Supplied material section start
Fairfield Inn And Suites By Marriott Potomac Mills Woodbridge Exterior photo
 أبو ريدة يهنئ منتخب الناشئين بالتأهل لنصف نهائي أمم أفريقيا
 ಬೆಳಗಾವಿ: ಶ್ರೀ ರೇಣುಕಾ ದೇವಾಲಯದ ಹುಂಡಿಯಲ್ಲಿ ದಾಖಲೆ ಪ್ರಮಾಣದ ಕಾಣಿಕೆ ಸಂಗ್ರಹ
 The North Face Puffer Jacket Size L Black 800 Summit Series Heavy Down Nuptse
Supplied material section end
[Aim of the task]: Restate word for word the lines from the line containing "أبو ريدة يهنئ" through the last line of the listing, inclusive, and nothing beyond them.

[Expected answer]:
 أبو ريدة يهنئ منتخب الناشئين بالتأهل لنصف نهائي أمم أفريقيا
 ಬೆಳಗಾವಿ: ಶ್ರೀ ರೇಣುಕಾ ದೇವಾಲಯದ ಹುಂಡಿಯಲ್ಲಿ ದಾಖಲೆ ಪ್ರಮಾಣದ ಕಾಣಿಕೆ ಸಂಗ್ರಹ
 The North Face Puffer Jacket Size L Black 800 Summit Series Heavy Down Nuptse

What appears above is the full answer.